Arrivent les accords d’Évian et l’on se demande ce qui va se passer. En règle générale, on pense que le FLN a respecté les accords d’Évian, c’est ce qui est dit partout. Or, si on travaille sur les archives, on s’aperçoit qu’il n’en est rien. Dès le 19 mars au soir, le FLN commet des exactions contre les populations civiles européennes et contre les supplétifs, bien évidemment. Le Président de la République, le général de Gaulle, va alors se positionner d’une manière complètement différente par rapport à l’armée et par rapport à certains de ses ministres. S’il fait tout d’abord dire que les harkis peuvent être employés dans la force locale, il change de position dans une note manuscrite transmise à Pierre Messmer, le 5 février 1962. S’il dit oui pour la gendarmerie et ses auxiliaires, oui pour des appelés musulmans ou français, c’est un non pour tous les harkis. On a donc d’un côté le général de Gaulle qui a la volonté de liquider l’Algérie et, de l’autre, la volonté d’un gouvernement de rassurer les supplétifs et les populations européennes. Dans ce cadre-là, les premières exactions commencent et l’on s’aperçoit que les supplétifs sont totalement démunis face à ce double discours. Si on leur avait assuré qu’ils pourraient conserver la nationalité française, il n’en est rien. Dès juin 1962, le gouvernement déclare qu’à compter du 5 juillet toutes les cartes d’identités émises en Algérie seront nulles. Les Français d’Algérie, d’origine indigène, deviennent automatiquement Algériens à compter de cette date – ceux désirant rester Français devront faire une demande de réintégration devant un tribunal français. C’est prévu avant l’indépendance.
L’impossible rapatriement
Dans ce contexte, certains militaires vont concilier en même temps l’honneur et la discipline et vont essayer de rapatrier leurs harkas. Mais là aussi, très rapidement, on s’aperçoit que l’on n’en veut pas. De Gaulle n’en veut pas. Et ce n’est pas nouveau. En juin 1958, dans l’avion qui le ramène d’Algérie, il avait dit à un de ses conseillers : « vous n’allez pas me faire croire qu’un paysan kabyle est l’égal d’un paysan breton ». Cela veut tout dire de la volonté d’intégration. De Gaulle ne veut pas de supplétifs en France, il le dit à plusieurs reprises. Il est donc tout à fait logique que l’on interdise les rapatriements.

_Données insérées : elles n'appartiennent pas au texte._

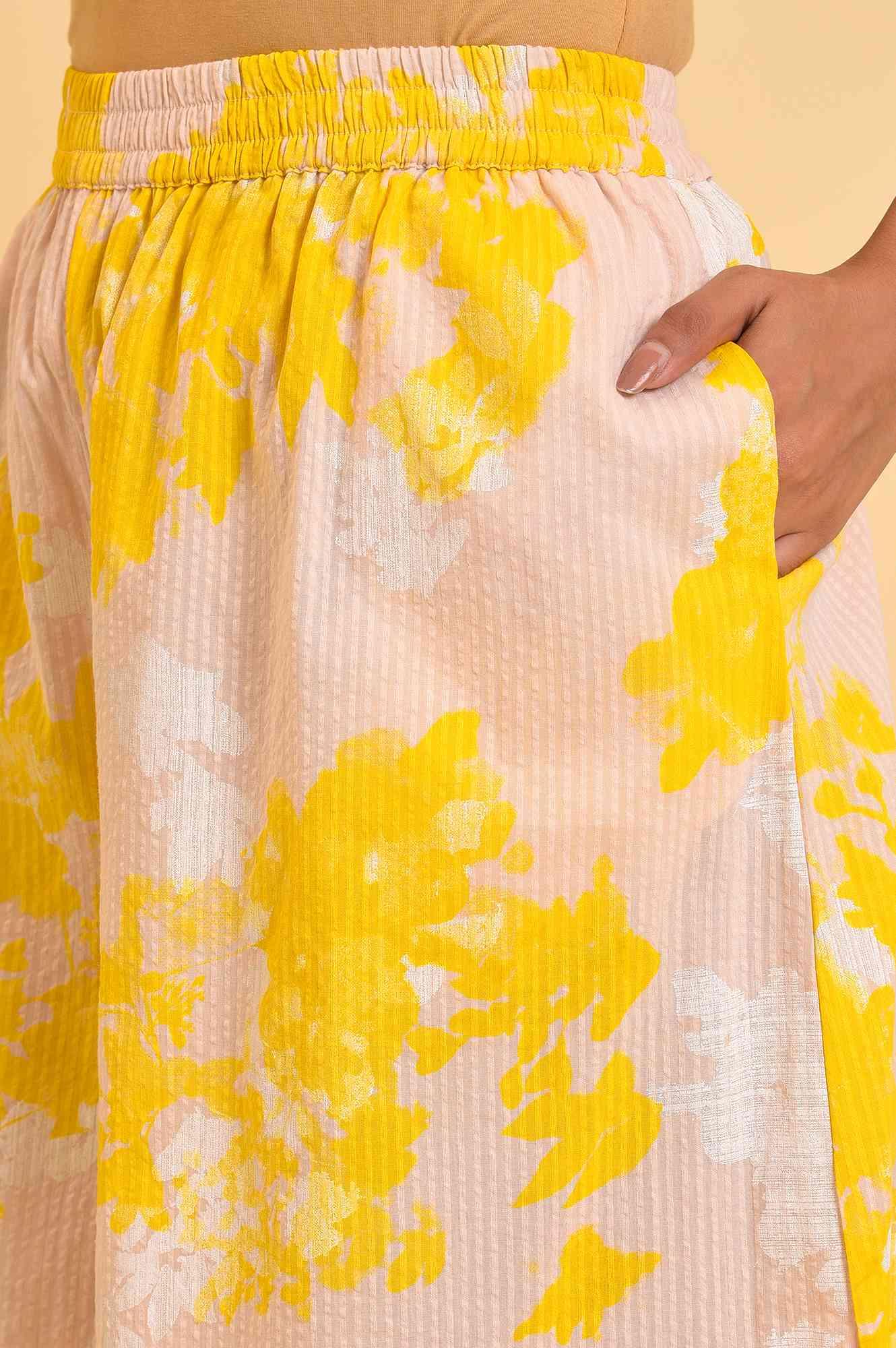 W for Woman Pink Floral Printed Top & Flared Pants Co-Ord Set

Le 12 mai 1962 alors que certains militaires arrivent à faire rapatrier des supplétifs en France, de manière plus ou moins clandestine, Pierre Messmer va interdire toute initiative individuelle : « à compter du 20 mai, seront refoulés en Algérie tous supplétifs arrivés en métropole sans autorisation de ma part ». Louis Joxe annonce dans le même temps le renvoi en Algérie des supplétifs débarqués en dehors du plan général de rapatriement, en demandant d’éviter de donner toute publicité à cette mesure. Seulement, le plan général de rapatriement n’existe pas. Il existe bien un plan de rapatriement à partir d’une liste d’à peu près 5 000 puis 7000 personnes qui étaient véritablement menacées directement par le FLN et l’ALN. Pierre Messmer va plus loin puisqu’il demande de rechercher les complices et les promoteurs de ces entreprises, tant dans l’armée que dans l’administration, et de faire prendre les sanctions appropriées.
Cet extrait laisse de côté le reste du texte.